Task objective
What is needed is an exact reproduction of the lines from the one that contains "Four Pigs Magnet" through the end of the data, both included and nothing else, with pictures omitted.

Given data
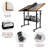 Jigsaw Puzzle Table with Legs, Puzzle Board with 10-Tilting-Angle & Height Adjustable for 1500 Piece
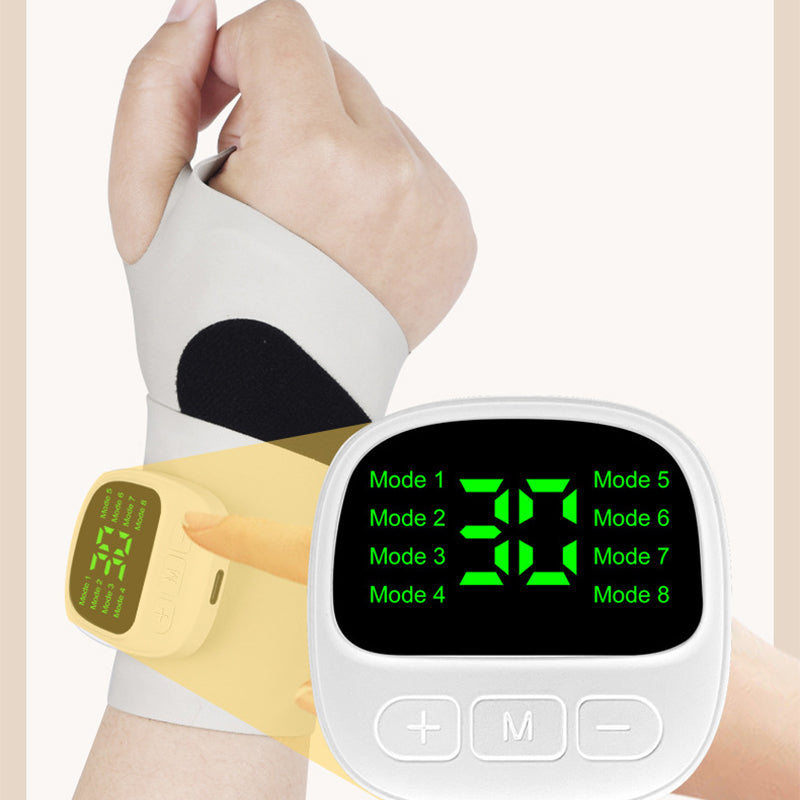 Wrist Massage Device - Adjustable Intensity - Breathable Support - FlexPulse | elesira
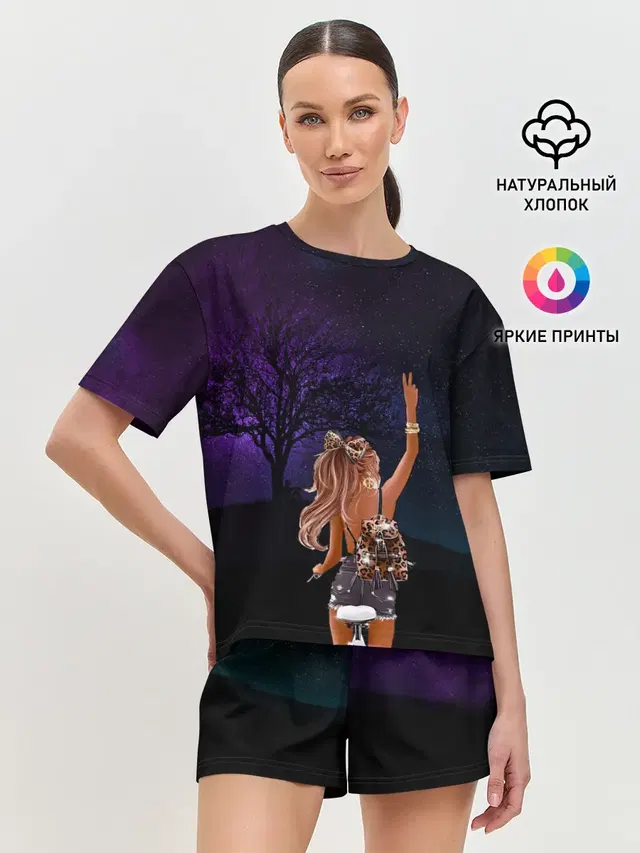 Женская пижама с шортами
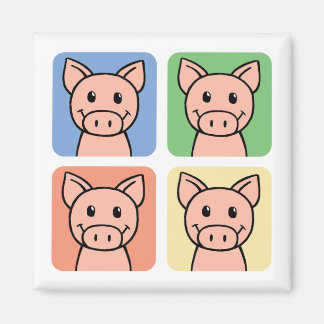 Four Pigs Magnet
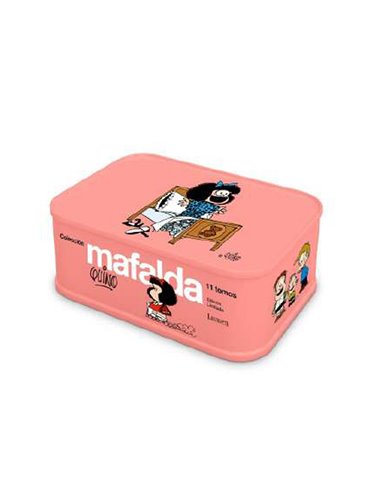 Portada de COLECCION MAFALDA: 11 TOMOS EN UNA LATA (EDICION LIMITADA) de QUINO, RANDOM HOUSE MONDADORI, ISBN 9788426438188
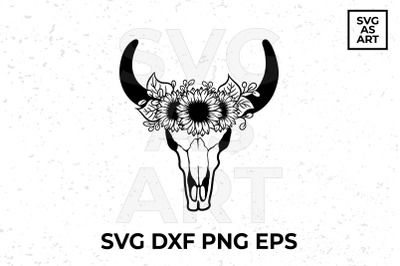 Cow Skull SVG Cut FIle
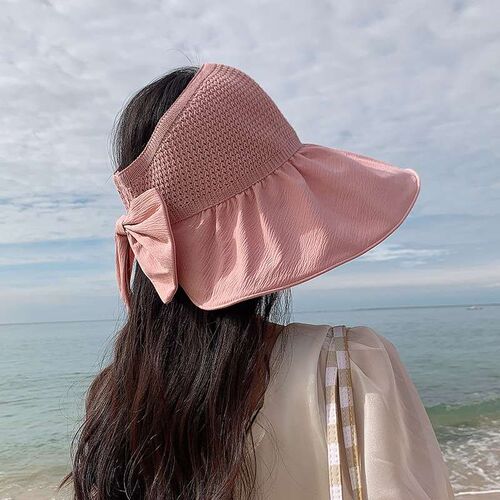 New Summer Knitted Cloth Along Womens Roomless Sunshade Big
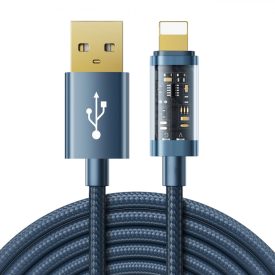 Joyroom USB-A - Lightning Kábel - 2m 2.4A 20W - Kék Joyroom USB-A - Lightning Kábel - 2m 2.4A 20W - Kék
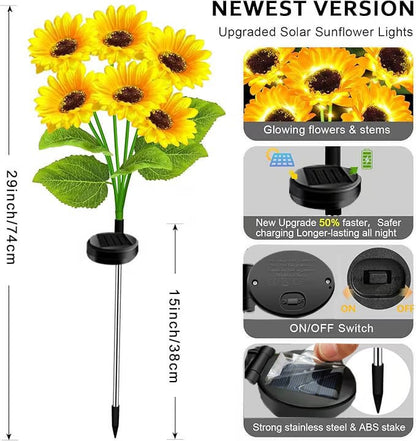 🌞Solar LED Sunflower Garden Lights
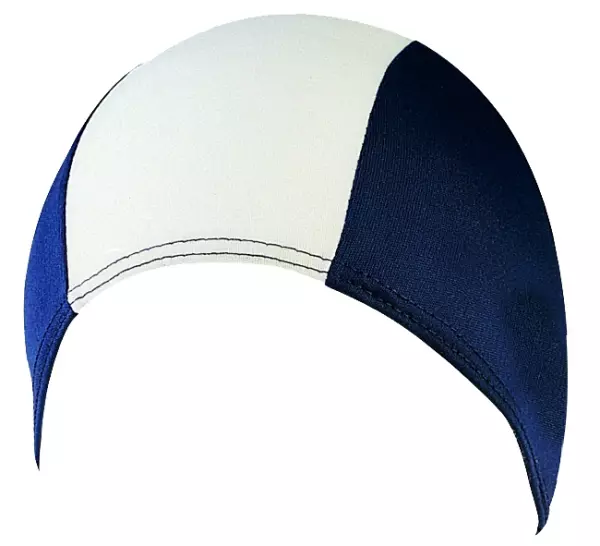 Gorro natacion poliester en bolsa. azul marino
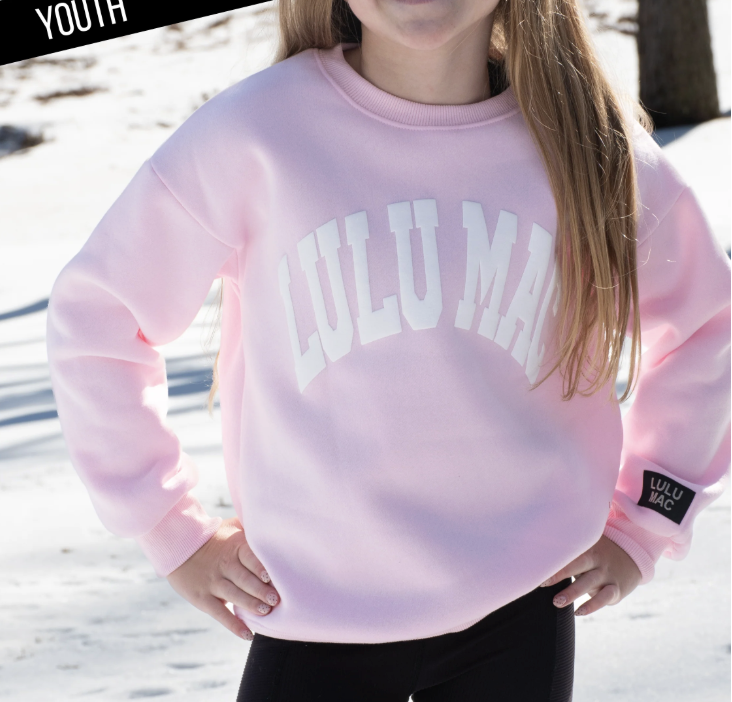 LuLu Mac Youth Sweatshirt Pink/White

Task solution
 Four Pigs Magnet
 Portada de COLECCION MAFALDA: 11 TOMOS EN UNA LATA (EDICION LIMITADA) de QUINO, RANDOM HOUSE MONDADORI, ISBN 9788426438188
 Cow Skull SVG Cut FIle
 New Summer Knitted Cloth Along Womens Roomless Sunshade Big
 Joyroom USB-A - Lightning Kábel - 2m 2.4A 20W - Kék Joyroom USB-A - Lightning Kábel - 2m 2.4A 20W - Kék
 🌞Solar LED Sunflower Garden Lights
 Gorro natacion poliester en bolsa. azul marino
 LuLu Mac Youth Sweatshirt Pink/White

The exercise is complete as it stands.